Die jüngste Studie von Veritas, der „Global Databerg Report“, förderte zutage, dass nach wie vor die Hälfte der deutschen Unternehmen nicht für die DSGVO gerüstet ist. Und auch die etwas ältere Bitkom-Studie ergab, dass erst 13 Prozent der Unternehmen tatsächlich konkrete Maßnahmen eingeführt haben, um den neuen Anforderungen und Verpflichtungen gerecht zu werden (Stand: 09/2017). Die neue Datenschutzgrundverordnung wird voraussichtlich noch eine lange Zeit für Unmut sorgen – nicht nur angesichts der zum Teil horrenden Bußgelder, die im Rahmen des Gesetzes möglich sind. Auch aus Marketing-Perspektive stellen sich neue Fragen, denen sich noch viel zu wenig Unternehmen und Marketer stellen.
Die neue DSGVO aus Marketing-Perspektive
Zunächst lässt sich festhalten, dass die DSGVO zumindest den Versuch darstellt, die zum Teil aus den 1970er Jahren stammenden Datenschutzbestimmungen zu aktualisieren. Allerdings kennt auch die neue Datenschutzgrundverordnung essenzielle Vokabeln wie Big Data oder Internet of Things nicht. Darum wird auch sie der heutigen Realität des Marketing mit einer immer individueller verlaufenden Customer Journey und mobilen Geschäftsprozessen nicht gerecht. Aus Marketing-Perspektive lässt sich wenigstens festhalten, dass die DSGVO Rechtssicherheit hinsichtlich personalisierter Werbung schafft und diese als rechtmäßiges Interesse von Unternehmen erklärt.
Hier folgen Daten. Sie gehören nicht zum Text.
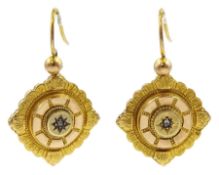 Pair of Victorian 15ct gold Etruscan revival pendant earrings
Die DSGVO wird die Arbeit im Marketing aber auch erheblich erschweren. Personenbezogene Daten dürfen fortan nicht mehr ohne vorher genannten Zweck „auf Vorrat“ gespeichert werden. Die Grundidee eines Data Lakes wird damit infrage gestellt beziehungsweise machen ganz neue Data-Governance-Ansätze erforderlich. Eine wichtige Konsequenz für das Marketing lautet daher, den Kunden mehr als jemals zuvor einen echten Mehrwert zu bieten. Dies wird unter anderem deswegen notwendig sein, weil Kunden in Zukunft eine Einverständniserklärung geben müssen, damit ihre personenbezogenen Daten für bestimmte Zwecke verwendet werden dürfen.
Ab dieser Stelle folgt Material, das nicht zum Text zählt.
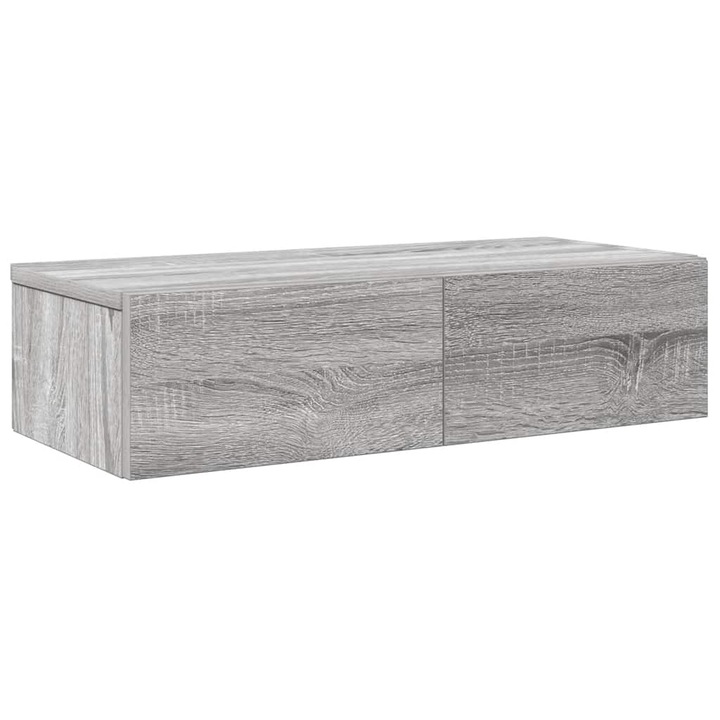 VidaXL Falipolc fiókokkal szürke sonoma 60x26,5x15 cm műszaki fa 859973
Wie im Marketing den Kunden einen echten Mehrwert bieten kann
Für viele der neuen Herausforderungen wie einer Opt-out-Option oder dem Recht auf Löschung wird es sehr bald technische Lösungen geben. Auch im Zeitalter nach Inkrafttreten der DSGVO muss die oberste Devise im Marketing lauten, die Wünsche der Kunden bestmöglich zu verstehen und dauerhafte Bindungen zwischen Menschen und Marken herzustellen. Das bedeutet auch, den Kunden verstärkt zu erklären, was der konkrete Nutzen für sie ist, wenn sie sich bereit erklären, Unternehmen Daten über sich zur Verfügung zu stellen. Dabei sehe ich vor allem vier Möglichkeiten, um das Marketing in Zukunft attraktiver als jemals zuvor zu machen.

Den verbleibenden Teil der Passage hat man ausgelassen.